[[ Data extracts open ]]

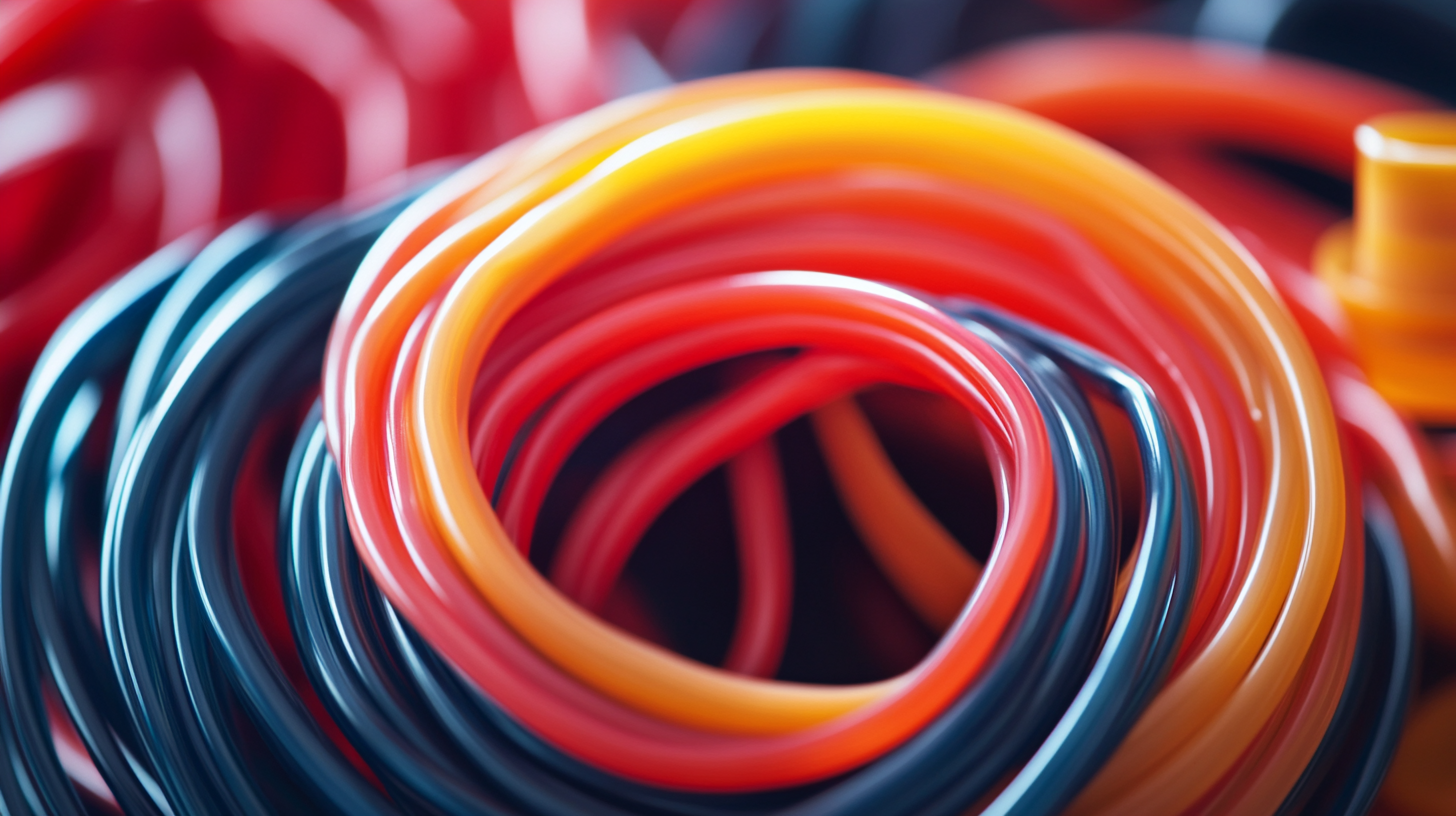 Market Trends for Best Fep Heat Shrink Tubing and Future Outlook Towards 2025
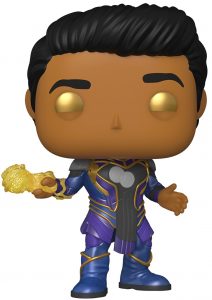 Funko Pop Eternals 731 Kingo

[[ Data extracts closed ]]
[[ Data extracts open ]]

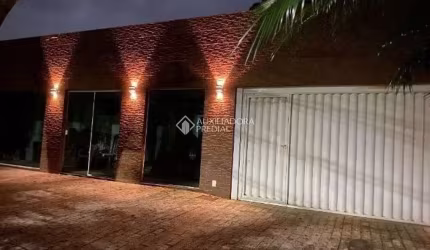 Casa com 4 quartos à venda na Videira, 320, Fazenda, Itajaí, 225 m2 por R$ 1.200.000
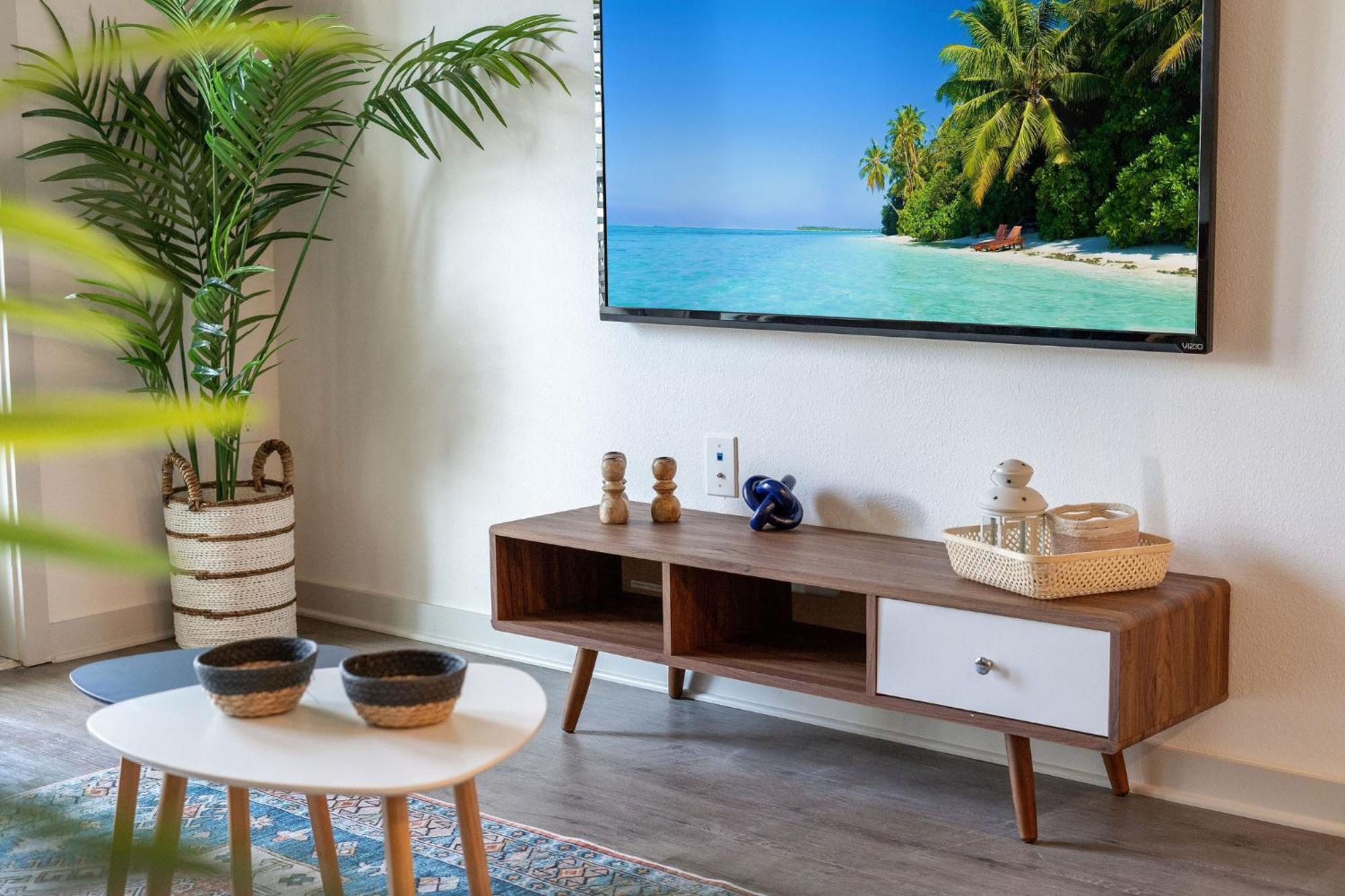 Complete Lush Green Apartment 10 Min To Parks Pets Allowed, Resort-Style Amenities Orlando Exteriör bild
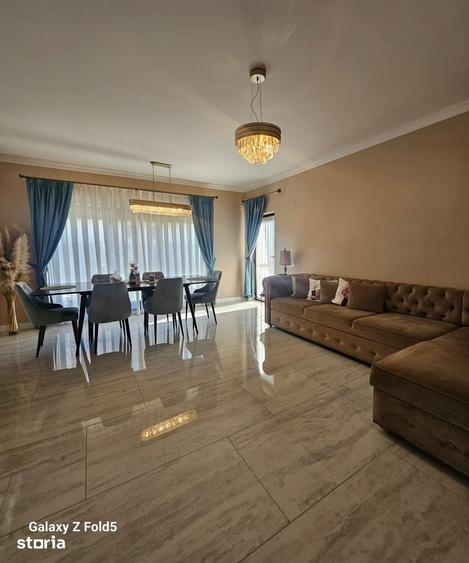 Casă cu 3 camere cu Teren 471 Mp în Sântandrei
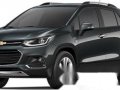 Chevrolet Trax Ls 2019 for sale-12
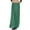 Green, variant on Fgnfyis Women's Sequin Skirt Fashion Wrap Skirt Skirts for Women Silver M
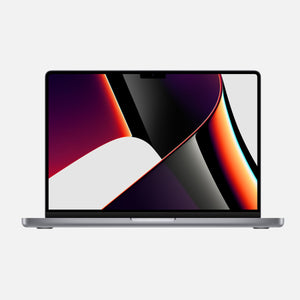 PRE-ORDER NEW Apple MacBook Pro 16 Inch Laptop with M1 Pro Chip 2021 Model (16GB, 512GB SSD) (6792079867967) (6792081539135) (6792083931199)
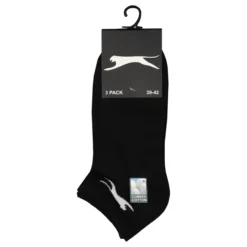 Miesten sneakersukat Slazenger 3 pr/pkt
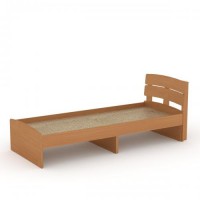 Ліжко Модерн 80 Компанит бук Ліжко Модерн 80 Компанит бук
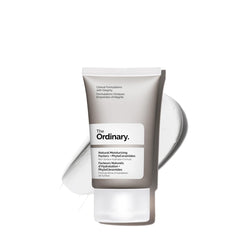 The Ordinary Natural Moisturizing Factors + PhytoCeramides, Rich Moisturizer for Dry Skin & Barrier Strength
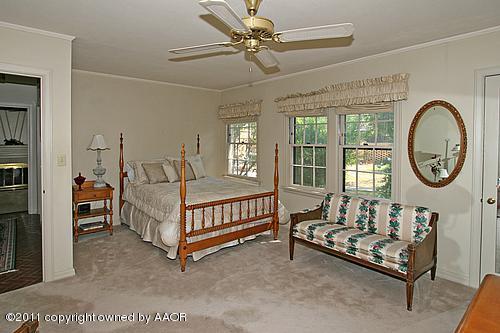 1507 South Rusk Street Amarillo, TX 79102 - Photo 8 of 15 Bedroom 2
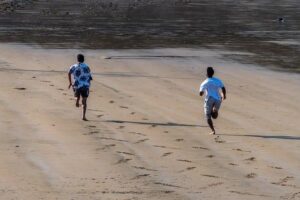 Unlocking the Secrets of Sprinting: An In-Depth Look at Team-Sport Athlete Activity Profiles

[[ Data extracts closed ]]
[[ Data extracts open ]]

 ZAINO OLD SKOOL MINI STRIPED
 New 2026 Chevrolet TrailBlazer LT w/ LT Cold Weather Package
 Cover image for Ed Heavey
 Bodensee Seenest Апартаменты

[[ Data extracts closed ]]

Looking above, find the stretch of lines that opens with the one holding "The Ordinary Natural" and closes with the one holding "Unlocking the Secrets". Copy it exactly, pictures excluded.

*Final answer*:
 The Ordinary Natural Moisturizing Factors + PhytoCeramides, Rich Moisturizer for Dry Skin & Barrier Strength
 1507 South Rusk Street Amarillo, TX 79102 - Photo 8 of 15 Bedroom 2
 Unlocking the Secrets of Sprinting: An In-Depth Look at Team-Sport Athlete Activity Profiles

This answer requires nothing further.